There are many things that have taken me by surprise through survivorship, but I am so grateful for the love and support of those around me who walk this road with me. If you’re struggling with these things or any unspoken emotion/experience, know that you aren’t alone. Our expectations of what life should look like aren’t usually lined up with reality. But that doesn’t mean we can’t heal, grow, find joy, and move forward. I encourage you to share your story with someone you trust or send me an email and we can start a dialogue about your journey. I would love to hear from you.

I hope this post was a positive “surprise” for you if you thought you were alone in any of your thoughts and experiences.
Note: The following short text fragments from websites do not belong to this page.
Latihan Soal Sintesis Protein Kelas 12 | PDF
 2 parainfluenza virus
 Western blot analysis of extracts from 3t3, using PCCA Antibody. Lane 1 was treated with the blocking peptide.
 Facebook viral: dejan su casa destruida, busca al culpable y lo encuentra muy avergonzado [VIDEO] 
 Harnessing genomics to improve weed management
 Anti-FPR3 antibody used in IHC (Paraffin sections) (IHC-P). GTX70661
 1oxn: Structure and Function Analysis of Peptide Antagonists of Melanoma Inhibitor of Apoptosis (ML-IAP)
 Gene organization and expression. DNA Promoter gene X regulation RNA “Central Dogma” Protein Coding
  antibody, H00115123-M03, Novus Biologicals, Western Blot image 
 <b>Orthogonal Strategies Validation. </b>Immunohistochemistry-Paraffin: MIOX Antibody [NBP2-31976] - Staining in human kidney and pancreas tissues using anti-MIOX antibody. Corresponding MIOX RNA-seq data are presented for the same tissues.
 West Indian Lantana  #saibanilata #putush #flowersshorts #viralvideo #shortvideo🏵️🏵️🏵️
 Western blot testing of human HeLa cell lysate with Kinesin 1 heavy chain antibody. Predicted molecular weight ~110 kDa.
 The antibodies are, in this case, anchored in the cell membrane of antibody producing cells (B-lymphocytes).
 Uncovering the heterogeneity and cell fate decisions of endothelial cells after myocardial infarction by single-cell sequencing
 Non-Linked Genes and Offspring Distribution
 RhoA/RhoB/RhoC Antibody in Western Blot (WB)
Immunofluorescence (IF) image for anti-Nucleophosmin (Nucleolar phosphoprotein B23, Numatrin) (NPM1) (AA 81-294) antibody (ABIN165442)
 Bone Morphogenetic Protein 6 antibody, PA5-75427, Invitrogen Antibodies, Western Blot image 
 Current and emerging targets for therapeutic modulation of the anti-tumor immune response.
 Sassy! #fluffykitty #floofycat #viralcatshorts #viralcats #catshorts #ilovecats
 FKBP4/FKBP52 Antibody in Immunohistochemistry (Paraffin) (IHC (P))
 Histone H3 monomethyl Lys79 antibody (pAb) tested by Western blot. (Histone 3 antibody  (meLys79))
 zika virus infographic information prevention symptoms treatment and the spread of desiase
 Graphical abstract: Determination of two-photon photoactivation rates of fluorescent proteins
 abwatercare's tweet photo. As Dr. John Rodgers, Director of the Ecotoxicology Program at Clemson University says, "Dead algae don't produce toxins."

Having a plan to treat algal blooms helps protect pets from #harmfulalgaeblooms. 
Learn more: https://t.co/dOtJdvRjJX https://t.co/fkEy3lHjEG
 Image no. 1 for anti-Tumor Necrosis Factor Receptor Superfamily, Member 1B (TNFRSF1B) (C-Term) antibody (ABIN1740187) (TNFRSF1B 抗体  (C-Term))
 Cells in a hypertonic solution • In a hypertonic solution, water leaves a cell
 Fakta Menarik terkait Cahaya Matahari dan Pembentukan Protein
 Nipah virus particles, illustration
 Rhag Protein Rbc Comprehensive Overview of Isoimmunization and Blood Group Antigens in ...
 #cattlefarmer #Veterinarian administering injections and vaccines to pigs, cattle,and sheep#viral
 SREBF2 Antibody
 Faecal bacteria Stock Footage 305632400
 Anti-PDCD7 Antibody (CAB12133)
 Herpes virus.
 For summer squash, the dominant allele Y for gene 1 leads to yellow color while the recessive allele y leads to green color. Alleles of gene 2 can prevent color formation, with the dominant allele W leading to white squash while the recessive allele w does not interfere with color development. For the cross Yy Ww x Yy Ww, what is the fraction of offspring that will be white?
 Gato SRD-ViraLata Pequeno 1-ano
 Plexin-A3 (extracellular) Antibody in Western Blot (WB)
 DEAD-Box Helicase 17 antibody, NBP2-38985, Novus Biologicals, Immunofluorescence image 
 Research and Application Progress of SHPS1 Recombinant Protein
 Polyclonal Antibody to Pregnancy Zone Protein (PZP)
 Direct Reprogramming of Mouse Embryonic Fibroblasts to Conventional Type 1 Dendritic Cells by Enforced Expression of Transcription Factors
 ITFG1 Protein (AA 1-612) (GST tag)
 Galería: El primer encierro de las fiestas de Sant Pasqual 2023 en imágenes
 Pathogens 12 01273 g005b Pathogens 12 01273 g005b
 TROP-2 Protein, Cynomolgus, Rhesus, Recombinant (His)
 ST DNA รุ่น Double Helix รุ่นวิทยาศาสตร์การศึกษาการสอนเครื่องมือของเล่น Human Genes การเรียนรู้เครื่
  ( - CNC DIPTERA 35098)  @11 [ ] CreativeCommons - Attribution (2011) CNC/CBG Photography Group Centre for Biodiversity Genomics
God is with us and I am here for you and praying for you!

God bless you!

Sparkle on,
Nicole Body



What surprises have you faced through survivorship? Cancer treatment? Did you relate to any of these? I know the journey can be hard and oftentimes very surprising but always remember that you aren’t alone. Someone else is feeling or thinking similar things to you as we navigate this path that we walk together! Please share in the comments surprises you have experienced!


  1. Hi Nicole. This is Beth and we met at Dr. Conleys office. I thought you were celebrating your birthday. I did read your story earlier and you are such a bright spot and an inspiration to all.


  2. Hi Nicole! I’m not sure how I came across your blog, but we have something in common. I am 10 years out of stage 4 ovarian cancer – a true miracle. I also have a faith blog and enjoy sharing with women to offer hope in an uncertain future. May God continue to bless you on your journey through life!